Malta’s history dates back so far it’s a little crazy. It would be one of the least surprising places on Earth to find an ancient Star Gate to enable travel to distant worlds, hidden for millennia in the deepest recesses of a cave or somewhere similar. Of course, serious archaeologists and sci fi fans could argue for hours over the feasibility of this. Meanwhile, you can check out architecture in Malta that is thousands of years old. Some “fringe” historians such as Graham Hancock will argue that it’s possible that there is evidence that Malta was quite a civilised place in which to live thousands of years before more conventional wisdom would dictate, but no one will argue that there has been a human presence on the islands for 7,000 years. Similar theories are cogently argued that some of the Egyptian pyramids were built thousands of years earlier than people believe. Whatever your own take is, there are some fine architectural examples from ancient times in Malta, and the culture is strikingly rich in terms of its antiquity. Check out the Hypogeum, hewn out of rock by the ancients and not re-discovered until 1902. It’s on the list of World Heritage Sites drawn up by UNESCO.
The Kordin III prehistoric temples are also worth a look. You might even get to view a session about pottery making – where you’re actually taught how ancient peoples made their bowls and other paraphernalia.

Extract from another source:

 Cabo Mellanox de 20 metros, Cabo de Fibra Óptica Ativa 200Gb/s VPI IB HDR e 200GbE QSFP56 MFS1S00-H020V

You will also find plenty of places to visit that deal with the more recent history of Malta. For example, you can find the Malta Maritime Museum in an old naval bakery. The museum contains information on both ancient and apocryphal tales of the sea and on more verified maritime history, covering both Malta and the rest of the Med. The maritime museum houses various items representing the periods of history and pre-history.